* _TASK TO COMPLETE_
Retype the lines below exactly, but only those from the line that has "My First Amusement Park Experience" through the line that has "Got Qs for him?". Omit every picture.

* _MATERIAL FOR THE TASK_
= = =

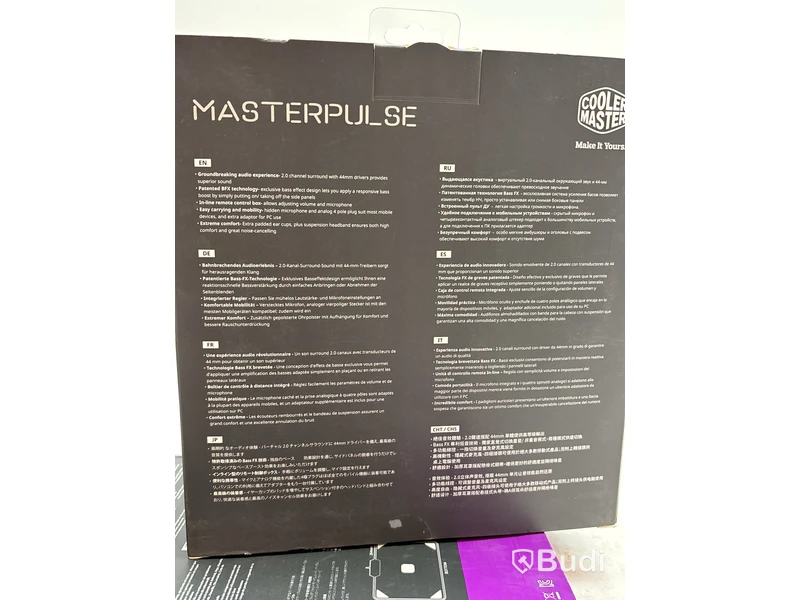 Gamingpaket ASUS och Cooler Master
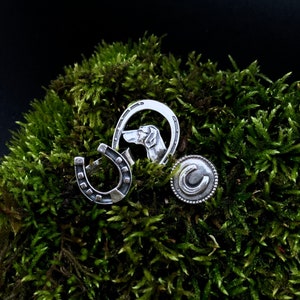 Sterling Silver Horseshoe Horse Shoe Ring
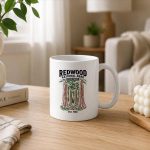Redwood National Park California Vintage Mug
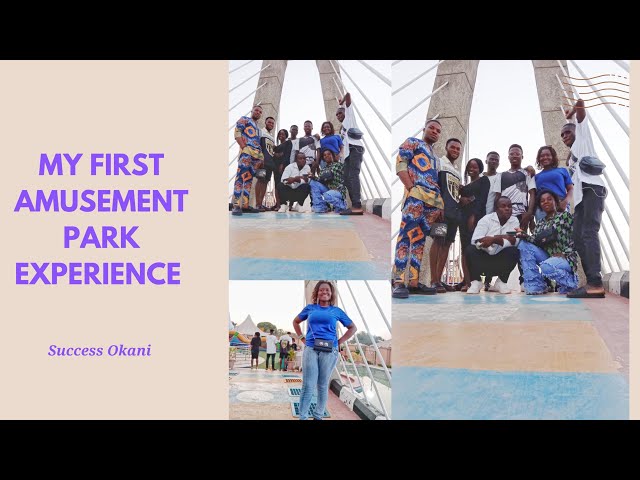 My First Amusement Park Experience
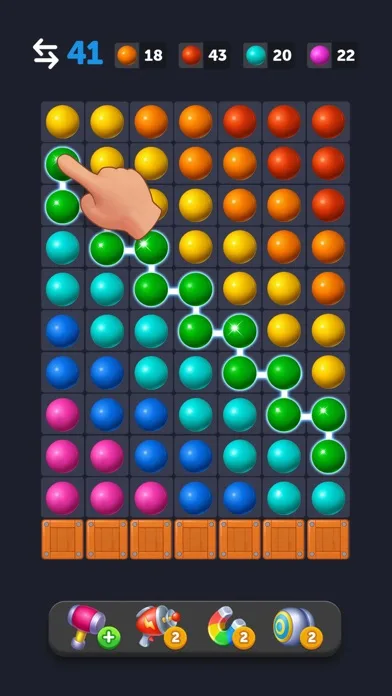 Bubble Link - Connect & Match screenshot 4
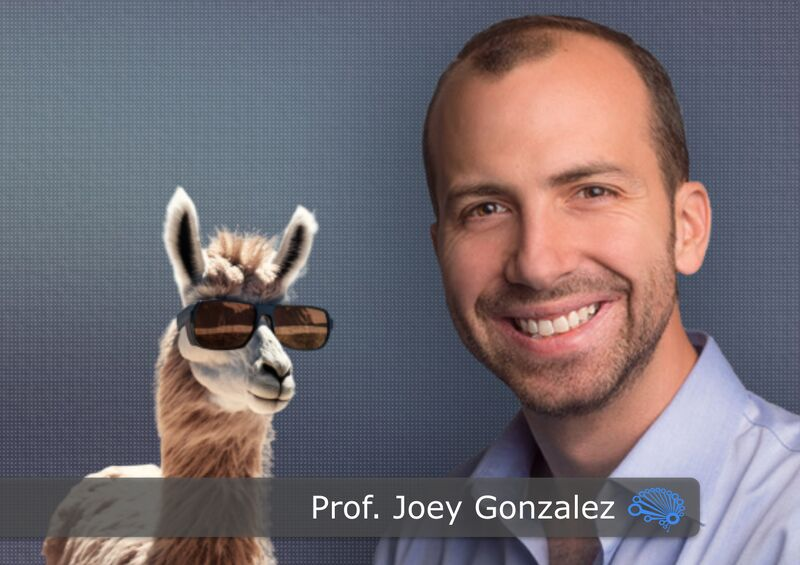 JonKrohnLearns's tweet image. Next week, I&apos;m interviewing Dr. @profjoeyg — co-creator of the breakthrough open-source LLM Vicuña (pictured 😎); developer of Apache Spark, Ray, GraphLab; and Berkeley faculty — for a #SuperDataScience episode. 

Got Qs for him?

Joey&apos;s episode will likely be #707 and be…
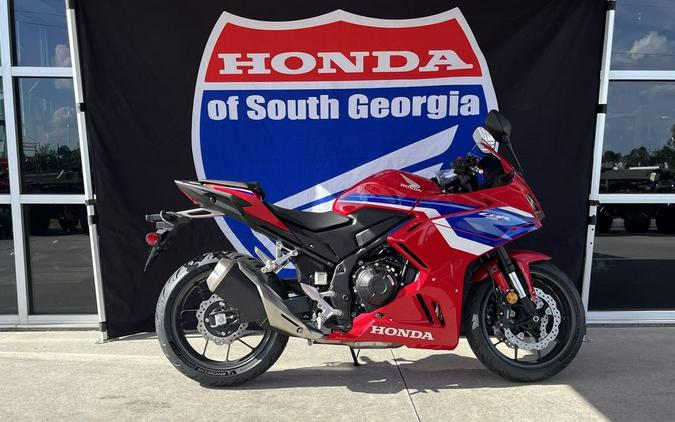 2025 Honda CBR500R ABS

= = =

* _SOLUTION_
 My First Amusement Park Experience
 Bubble Link - Connect & Match screenshot 4
 JonKrohnLearns's tweet image. Next week, I&apos;m interviewing Dr. @profjoeyg — co-creator of the breakthrough open-source LLM Vicuña (pictured 😎); developer of Apache Spark, Ray, GraphLab; and Berkeley faculty — for a #SuperDataScience episode. 

Got Qs for him?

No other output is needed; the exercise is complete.